白石 勇人Shiraishi Hayato

株式会社白石モータース

代表取締役

空手で「礼」を学ぶ。

「子どもの頃? そうですね。まるで野生児のような生活でしたね。外で遊ぶのが大好きで、木登りをして、お腹が空いたらアケビを取って食べたりして(笑)」

1987年、田村市で生を受けた白石は、生まれた時から「いつかは白石モータースの跡取り」「三代目社長」と言われて育ってきた。幼少の頃の白石は、現在も勤務している女性社員からはペルシャ猫のようにひざの上に乗せられてかわいがられた。白石モータースは、白石少年にとっては身近な存在だった。

「小学校3年になると、空手にハマりましたね。組み手もそうですが、『型』の魅力にも影響を受けました。レジェンドと言われる方の演舞を見ると、まるで見えない敵がそこにいるかのような動きが凄くて」

中学3年まで続けた空手では、県大会で1位・2位を争う存在に成長。東北大会、全国大会への招待もあったという。

「空手で学んだことは、『礼に始まり礼に終わる』こと。武道の基本ですよね。だから、大人になってからも先輩とどう接したらいいか悩むようなことはありませんでした。
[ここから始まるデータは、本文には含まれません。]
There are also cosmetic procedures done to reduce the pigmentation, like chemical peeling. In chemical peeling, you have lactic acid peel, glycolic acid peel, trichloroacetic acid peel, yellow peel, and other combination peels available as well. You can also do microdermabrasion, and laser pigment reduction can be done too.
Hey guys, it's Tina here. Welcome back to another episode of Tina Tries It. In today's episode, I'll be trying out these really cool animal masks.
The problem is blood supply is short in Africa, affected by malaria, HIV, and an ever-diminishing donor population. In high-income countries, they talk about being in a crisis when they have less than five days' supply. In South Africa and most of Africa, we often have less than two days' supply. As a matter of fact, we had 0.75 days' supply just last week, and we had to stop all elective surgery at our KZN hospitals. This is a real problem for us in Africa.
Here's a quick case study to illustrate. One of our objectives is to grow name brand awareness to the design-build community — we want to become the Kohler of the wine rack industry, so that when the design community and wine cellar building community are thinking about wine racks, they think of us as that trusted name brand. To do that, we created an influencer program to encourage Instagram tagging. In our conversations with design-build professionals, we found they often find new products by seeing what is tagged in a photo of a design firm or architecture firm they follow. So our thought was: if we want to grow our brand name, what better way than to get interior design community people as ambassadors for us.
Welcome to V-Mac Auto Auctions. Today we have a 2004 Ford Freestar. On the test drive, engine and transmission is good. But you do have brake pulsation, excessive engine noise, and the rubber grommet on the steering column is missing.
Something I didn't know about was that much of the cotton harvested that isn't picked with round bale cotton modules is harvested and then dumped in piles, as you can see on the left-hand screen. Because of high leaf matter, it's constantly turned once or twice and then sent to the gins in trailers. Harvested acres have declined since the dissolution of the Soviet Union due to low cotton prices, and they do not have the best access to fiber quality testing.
そういう意味では大きな財産です」

「絶対に継がない」--父との確執が雪解けし、進路は急展開

「絶対に継がない」

小学校6年生頃から始まった早めの反抗期。白石少年は、次第に父を嫌うようになっていったという。それは、特に理由があったからではない。少年の胸の中に自我が芽生えつつあった。
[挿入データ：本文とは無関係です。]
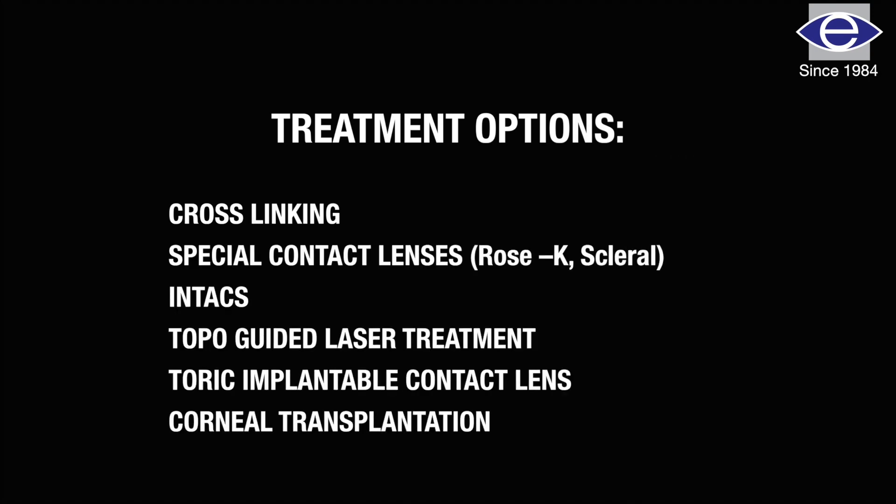This condition can be treated in different ways. In the initial stages we can manage these cases with glasses and then contact lenses. If it progresses and the patient is not able to tolerate contact lenses, we have to do other procedures to improve the visual acuity.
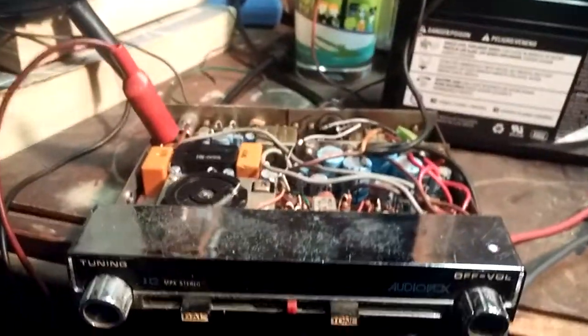Anyway, that was a look at this. It's an FMX-20 — Audiovox FMX-20 car radio. There's a Toshiba integrated circuit, TA7054. I'll have to find out what that does — I'll have to look it up. But that's this little tuner, and that pretty much completes this video. Thanks for watching.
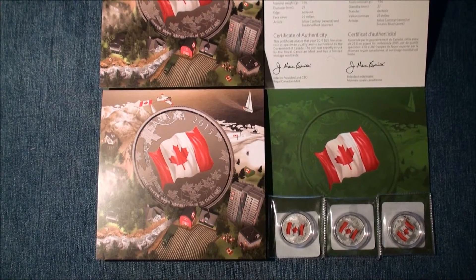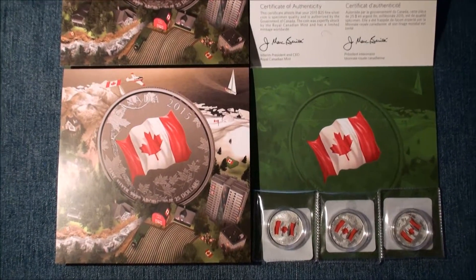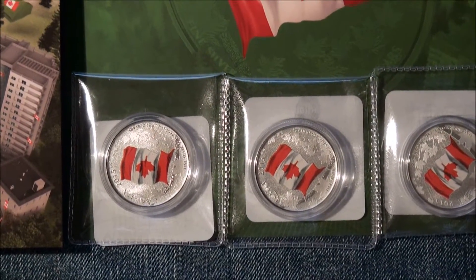Hi, stockers and collectors. The first 20 for 20 of 2015 is here already. But as some of you may not be aware, it's a 25 for 25 coin — the first colored coin in the series.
高校時代も、跡を継ぐという選択肢を考えずに過ごしていたという。将来について考えるよりも、今が楽しければいいという刹那的な感情が白石を支配していた青春時代だった。

しかし高校3年の冬、転機が起こる。

学校でトラブルに遭遇し、退学をも覚悟していた時、父からの呼び出しがあった。それは、雪が降り積もった寒い日の夜のことだった。

「事故車の引き上げについてこい。」

社用の車で待っていた父は、白石に対して口を開いた。てっきり怒られるのだろうと思っていた白石に対し、父がかけた言葉は違っていた。

「自分も昔はやんちゃしていた時があるから、お前の気持ちは分かる」父が口にしたのは、人生についての話だった。

そして、祖父の会社への想い。

「じいちゃんはこの白石モータースを創業する時、お客様が求めることをすべて仕事にしていったんだ。自分が好きなことではなく、お客様が求めることを」

これまで聞いたことのない会社設立時のエピソード、そして、その想いを継いで父が白石モータースを経営していること。毛嫌いしていた父が、信念を持って会社を経営し、地道な努力を続けていることを実感し、真冬のレッカー車の中で、父との確執が雪解けしていった。この日を境に、固く誓った。

「白石モータースを継ぐ」

その後、自動車整備の専門学校へ進学、卒業後はメルセデスベンツを取り扱う株式会社シュテルン中央(東京都)に入社することになる。

後日談になるが、白石の父はこの時のことを「めちゃくちゃ嬉しかった」と語っていたという。直接、白石に言葉を掛けたわけではないが、地元の講演会でこの日の出来事を満面の笑みで語っていたことを、白石は知人から教えられたという。